They’re still really popular amongst metal drummers, but you’ll also see plenty of other drummers using them.
Some of my favorite drummers that endorse Tama are Peter Erskine, Anika Nilles, Eloy Casagrande, and Mario Duplantier.
Pearl Drum Company
Pearl is also based in Japan, but the company was first started in the 1940s. So, it’s quite a bit older than Tama. A lot of Pearl’s cheaper kits are also made in China and Taiwan.
Pearl is arguably the most popular drum brand in the world. Pearl drum sets were everywhere when I was a child, and it led to most non-musicians being familiar with the name.
One of the cool things about the brand is that they’ve released a few electronic drum sets over the years. While they haven’t reached the same level of popularity as Roland or Yamaha kits, they’ve all been decent.
I’ll just be looking at acoustic drum sets in this guide, though.
When looking at Pearl’s artist roster, some of my favorite drummers there would be Dennis Chambers, Matt Halpern, Ray Luzier, and Calvin Rodgers.
Entry-Level Drum Kits
Let’s start with entry-level kits for our comparisons. These are affordable kits aimed at newer drummers who haven’t been playing drums for long.
These beginner kits typically don’t cost more than $1000, and they usually come with a full set of hardware, drums, and cymbals.
Tama Stagestar vs Pearl Roadshow
Tama offers the Stagestar as their beginner kit. It has poplar shells, a few colorful finish options, and solid Tama hardware stands.
Pearl offers the Roadshow, which I think is a lot more popular purely due to how many I’ve seen being sold at music stores.
There really isn’t too much of a difference between these two drum kits. The Tama Stagestar has better finish options, and I much prefer the Omnisphere rack tom holder to Pearl’s L-arms. They make it easier to position the rack toms on top of the bass drum.
However, the Pearl Roadshow has far more configuration options. It also has a junior version for kids, so I’d argue that it caters to more drummers.
Pearl Export vs Tama Imperialstar
The Pearl Export and Tama Imperialstar kits are still considered entry-level, but they’re a lot better than the previous two kits we looked at.
The Pearl Export is one of the most sold drum kits of all time, so its reputation puts it ahead. It’s a bit pricier than the Tama Imperialstar, though. It also doesn’t come with cymbals.
The last thing to mention is that the Export has mahogany plies in the shells to add a bit of depth to the tones, while the Imperialstar only has poplar plies, so the tones aren’t as dynamic, in my opinion.
Tama definitely wins when it comes to finishes, as the Imperialstar has far better finish options.
Intermediate Drum Kits
Moving on to the intermediate category. These are the most affordable kits that brands offer that are made from a higher-quality wood than poplar. They can easily be used by pro drummers, but they don’t quite have the high-end hardware features of pro kits.
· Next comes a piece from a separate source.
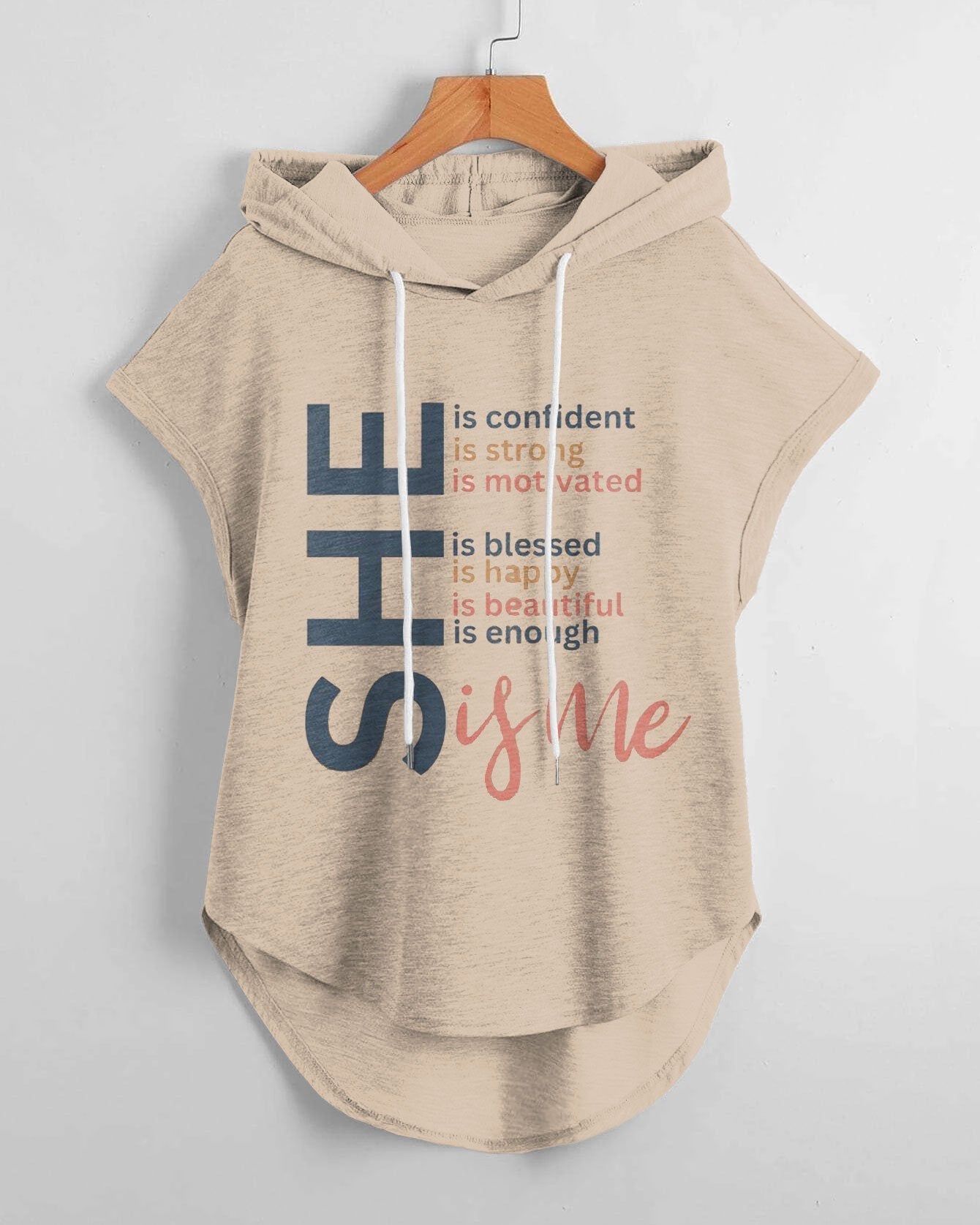 She Is Me Low Hem Drawstring Hooded Tee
Pearl Decade Maple vs Tama Superstar Classic
Out of all the drum kits on this list, these are the two closest competitors. They’re both maple drum sets that come in a variety of configurations, and there really isn’t much that separates them.
If you were to pick between the two, the only defining features would be the shell hardware and finish options.
I think Pearl has done a bit better with finishes here compared to the kits we’ve already looked at. You get to choose between high-gloss lacquers, satin color bursts, and standard satin finishes.
With that said, the Tama Superstar still has finish options that arguably look more interesting.
The Pearl Decade Maple kit has the L-arm tom mounts, while the Tama Superstar has the Omnisphere double tom holder. Like earlier, I think the Tama design is far better.
In terms of tones, both of these kits sound very similar.
Professional Drum Kits
Both brands offer far more pro kits than anything else, so there are plenty of options to compare here. This is also where you’ll find more differences between drum sets, making it easier to pick one that you may like.
Pearl Session Studio Select vs Tama Starclassic Performer
Pearl’s Session Studio Select is one of the most underrated drum kits on the brand’s product lineup, in my opinion. You don’t see too many pro drummers using this, but it’s an incredibly good kit.
It has hybrid mahogany and birch shells, with the inner mahogany plies offering deep tones and the outer birch plies offering bright sounds.
The kit also has high-end Pearl hardware that makes it perform smoothly. Here’s where the tom mounts aren’t an issue anymore when comparing other kits.
The Tama equivalent would be the Starclassic Performer drum set. This kit has hybrid maple and birch shells. It has the same punchiness from the birch plies, but the maple plies make it sound a bit higher-pitched and warmer than what you get from the Pearl kit.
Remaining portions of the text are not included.